カプセル内視鏡、ダブルバルーン内視鏡を用いて診断した小腸悪性リンパ腫の1例

演者 井手上 純子(熊本労災病院 消化器内科)
共同演者 成田 礼(熊本労災病院 消化器内科), 千代永 卓(熊本労災病院 消化器内科), 瀬戸山 博子(熊本労災病院 消化器内科), 吉松 眞一(熊本労災病院 消化器内科), 佐々木 雅人(熊本労災病院 消化器内科), 伊藤 清隆(熊本労災病院 内科), 赤星 慎一(熊本労災病院 外科), 栗脇 一三(熊本労災病院 病理)

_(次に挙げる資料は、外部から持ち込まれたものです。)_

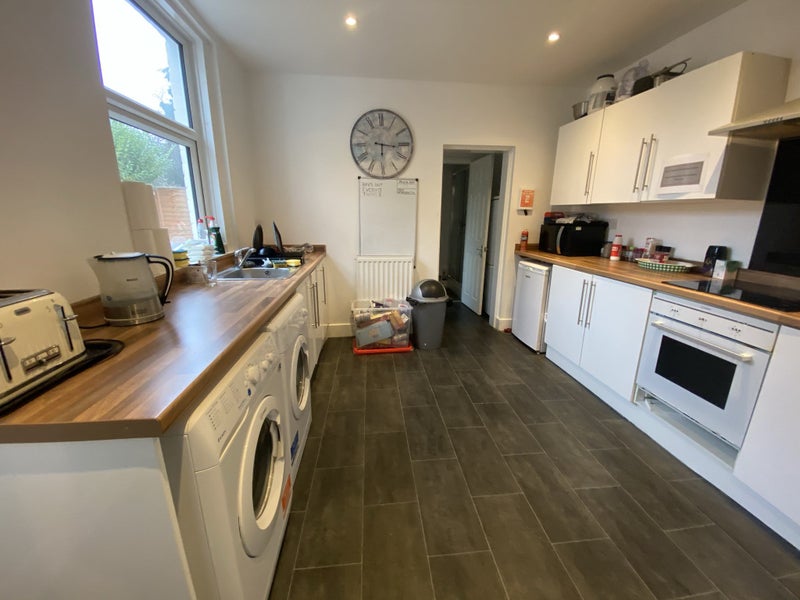 'Fantastic Beeston house share Montague St' Room to Rent from SpareRoom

抄録 症例は86歳女性。平成23年2月腹痛を自覚し近医を受診。精査・加療目的にて当院紹介となった。CTにて小腸の全周性壁肥厚とそれより口側腸管の拡張を認め、腫瘍もしくは癒着によるイレウスと診断した。原因精査の為に造影CT、小腸透視、カプセル内視鏡、ダブルバルーン小腸内視鏡を行った。造影CTにて小腸壁肥厚部は造影早期から強く均一に増強された。小腸透視では空腸に限局した狭窄を認めたが造影剤の通過は良好であった。カプセル内視鏡、ダブルバルーン小腸内視鏡では空腸に輪状潰瘍を伴う狭窄を認め、狭窄部のファイバー通過は困難であった。内視鏡下にてガストログラフィンを注入したところガストログラフィンの通過は良好で狭窄部は約3cmであった。狭窄部より生検を行い悪性リンパ腫と診断した。腫瘍マーカーはsIL2-R 2045U/ml(>496)で、CEA 1.5ng/ml(<5.0)、CA19-9 2.2U/ml(<37)と基準値内であった。悪性リンパ腫の診断にて当院外科にて小腸狭窄部切除術を施行した。小腸長は550cmで、Treiz靭帯より300cmに壁肥厚を伴う白色調の6cmの腫瘤を認め内腔は狭窄化していた。病理の結果malignant lymphoma,follicular lymphoma(circ,type2,7×5cm)であり、リンパ節の一部にリンパ腫細胞の浸潤を認めた。病変のリンパ腫細胞の浸潤は全層性で漿膜表層に達していたが、口側および肛門側断端は陰性であった。術後、sIL2-R 748U/mlと低下しており、CT、MRI、PET-CTを追加し局所残存の可能性は低いと考えた。骨髄穿刺では明らかな浸潤を認めずStage1Eと診断し血液内科にて抗癌剤治療を行った。今回我々は、小腸内視鏡検査にて診断した小腸悪性リンパ腫の1例を経験したので、若干の文献学的考察を加え報告する。